The chance of them hearing you pull up, if they are in bed, and they
should be at 1:00 in the morning, is pretty slim. Unfortunately, your room is next to their
room. Your brother and sister, nestled
away on their college campuses could not have agreed to give you their rooms,
the better rooms, when they left home, could they?
You
quietly close the car door, careful not to slam it. You will have to walk through the kitchen and
the den. You will have to slowly open
the hallway door, and creep down the hallway, especially paying attention to
that board in the hardwood floor that creeps when you walk across it, and then
enter your room. Your shoes are
off. You will have to slip your jeans
and t-shirt off and quietly put on your bed clothes, and climb into your bed. All without the luxury of a
light. This, by the way, friends,
is not autobiographical! I was always
home on time! I am a rule follower from
way back! Just as you are beginning to
take off your jeans, light suddenly floods the room. There, sitting in the comfortable chair in
your room, is your dad. He is the heavy
in the family, the one who deals with the teenagers when they misbehave. Actually, he has been waiting for you for
forty-five minutes or so. If it were not for the talk that the two of you were about to have,
he might have smiled and said, “Gotcha!”
But he cannot smile. The subject
he is about to bring up wipes away any smile.
On this Friday night, he has gotten up the courage to confront his
child. The one that he
used to rock to sleep and change diapers, has been doing some things that he
has noticed, but not yet mentioned.
You see, what is going on in this teenager’s life is more than curfew
tardiness. He has tried all of the
tricks. He has tried anger and the
speech on page ninety-five of The Teenage Years chapter of the parent’s
manual. The one where you are supposed
to say, with zest, “If you are going to live under my roof, you are going to
follow my rules.” Nothing has
worked. And on this Friday night, with
alcohol on his little girl’s breath and a look of horror on her face, he
motions for her to join him on the side of her bed. She notices it almost immediately,
the look on her daddy’s face is not anger or even disappointment. She has seen both of those looks before. She has seen this look before, but not
often. She can tell that he is about to
say something important. His words begin
with these, “Honey, have I ever told you about some of the things that I did
growing up in your grandparent’s lives?”
He had not told her, by the way.
He had told her of the happy times and the good memories, but he had not
told her about some of the things that he had done, big mistakes that he had
made, relationships that he had nearly lost.
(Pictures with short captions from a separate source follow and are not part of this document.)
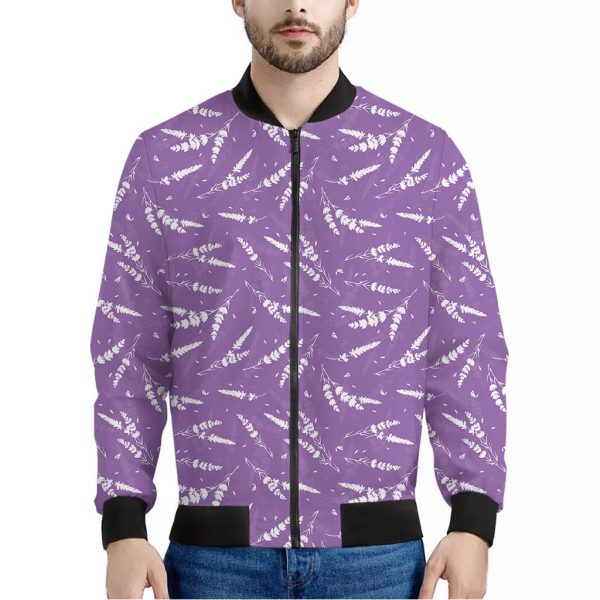 Purple And White Lavender Pattern Print Bomber Jacket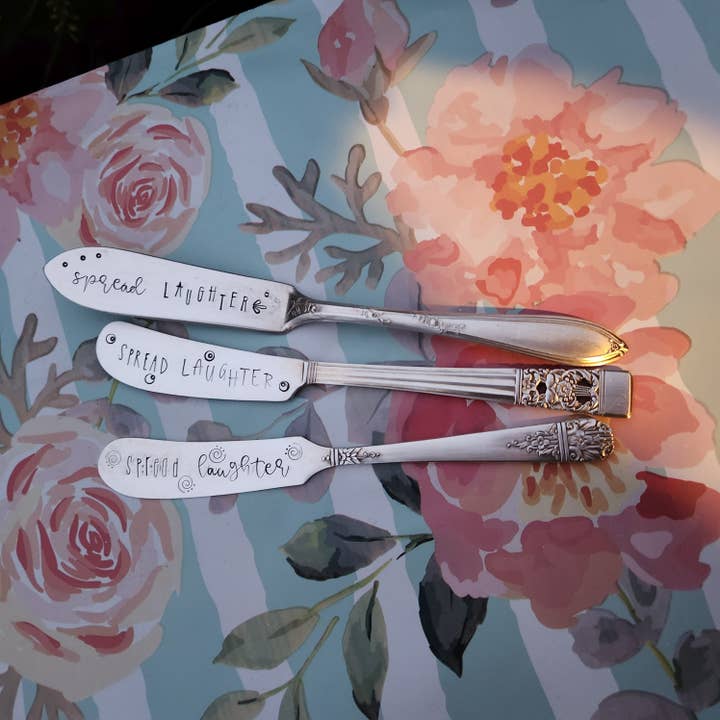 juNxtaposition® - Wholesale Cheese Spreader - SPREAD LAUGHTER hand stamped charcuterie knife spreader3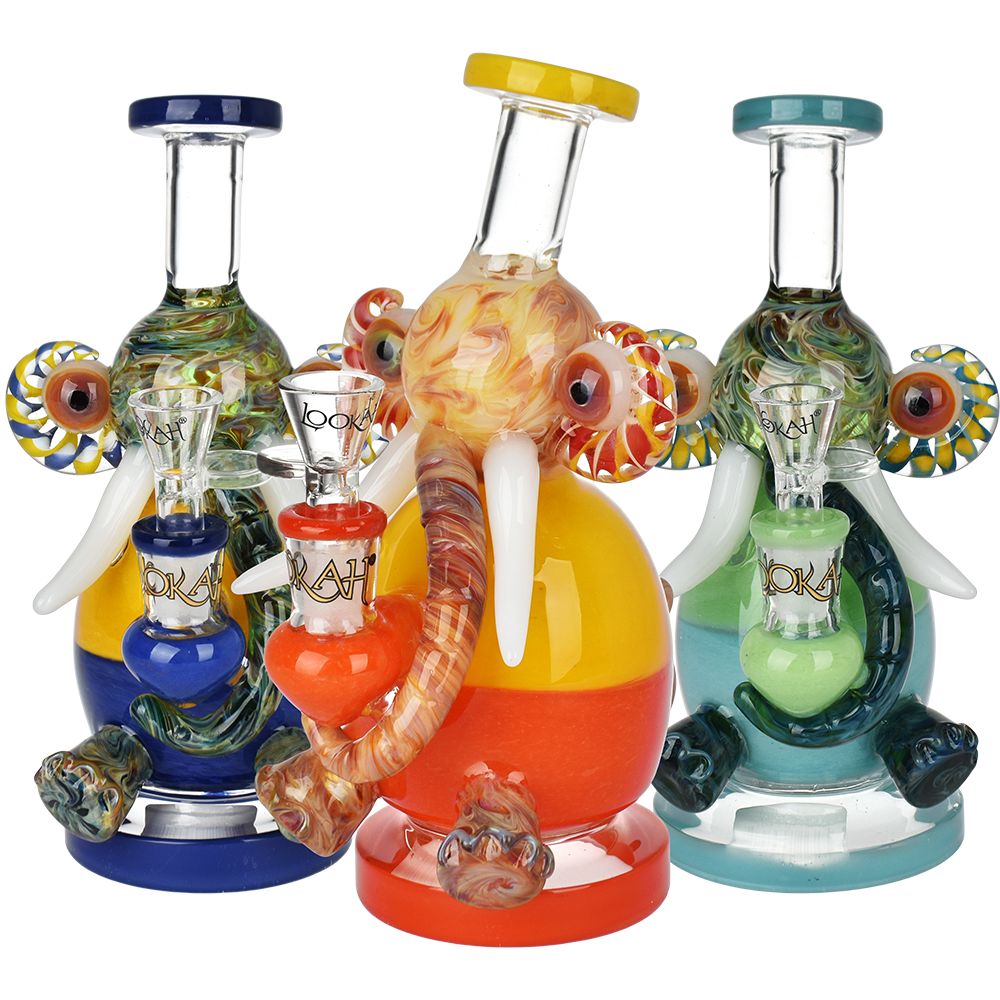 Lookah Glass Elephant Water Pipe - 8"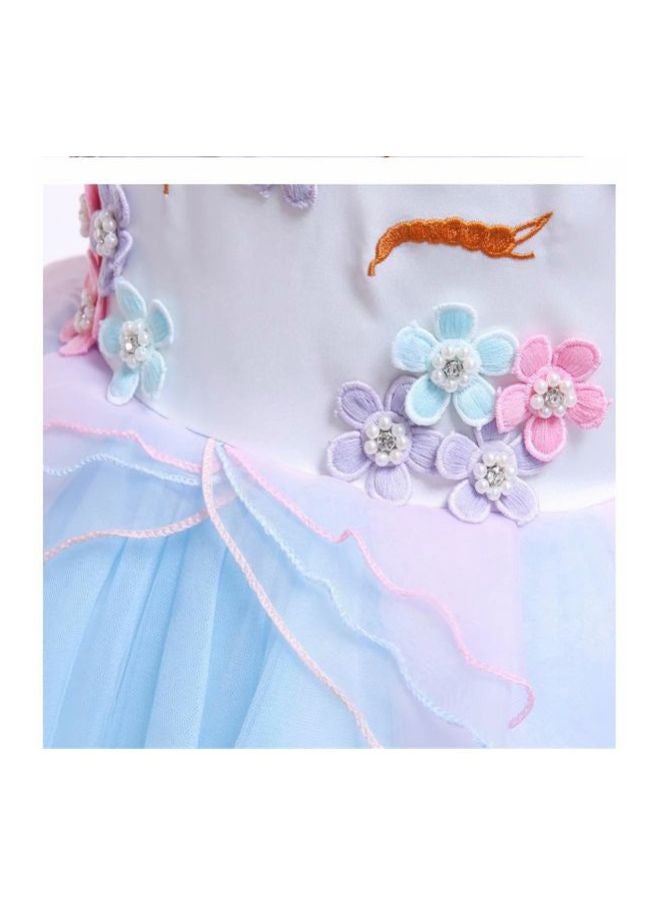 Floral Princess Dress With Headband Blue  - Image 2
One by one, he admitted things to his little girl that he never wanted
to admit to anyone and at the end of it, he looked her
squarely in the eyes and said, “Baby, I see a lot of you in me. Please, learn from me. Do not go down the path that you have started
to go down. Now, church, have you been a
part of such a conversation, on either side of it? My guess is that you have.
Back
in August, when I went to the last Connected in Christ retreat that I could go
to, Adam Hamilton, our pastor at one of the largest and fastest growing
churches in our country, The Church of the Resurrection, came and spoke to the
group. He talked about his church’s
mission, how they were dedicated to reaching out to the unchurched
and the nominally churched in Leawood, Kansas and how
successful the church had been. On any
given weekend, he said, that there are six thousand people in their worship
services. Then he told the story of his
daughter, who was once his little girl.
When she was, after he was sure that she was asleep, he would kneel at
her crib and then her big girl bed and he would pray that she would come to
know Jesus as he had come to know Jesus.
It got harder when she was a teenager, when she did not want anyone in
her room. It was really hard when she
told her father, the preacher, that she was not sure if she believed in
Jesus. Adam Hamilton said this to us, “I
had spent my years in the ministry trying to convince people of their need for
Jesus and had been wildly successful.
But now, I could not even convince my own daughter that Jesus was
believable. The story has a happy
ending. He told us that she now
believes, but it is hard, isn’t it, when the ones closest to us start down
dangerous paths?
Which, I think, is the thing that is really on the
apostle, Paul’s mind in our scripture lesson for this morning. Now Paul, of
course, was not the parent of anyone in the Corinthian church, but he is their
pastor. Up until this point in his first
letter to them, Paul has pleaded, criticized, coaxed, charmed, and coaxed the
Christians in a city that can only be compared to a city like New Orleans in
our day. In nine chapters, few subjects
have been off limits for the apostle.
Some of the issues have been raised by the Corinthians themselves while
others simply were on this apostle’s heart and mind. In the words that make up the chapters, Paul
has talked about the issues of factions inside the church, sexual immorality,
lawsuits brought on by some of them on others of them, fornication and
infidelity, problems in marriage relationships and what to do about meat that
had been dedicated and sacrificed to pagan gods. With a short skirt to defend his apostleship
in the ninth chapter, Paul returns with fervor and zest to the subject of
idolatry in the words that make up our lesson this morning.
Paul
begins, as typical in this letter of his, by telling the Corinthians that he
does not want them to be ignorant or perhaps a better word for ignorance is
unaware. Paul does not want the
Corinthians to be unaware of what God had done for his people in the past. With the stories close to his heart and on his
mind, Paul reminds them of the Israelite’s, God’s chosen people, and the great
things that God had done for them in the past.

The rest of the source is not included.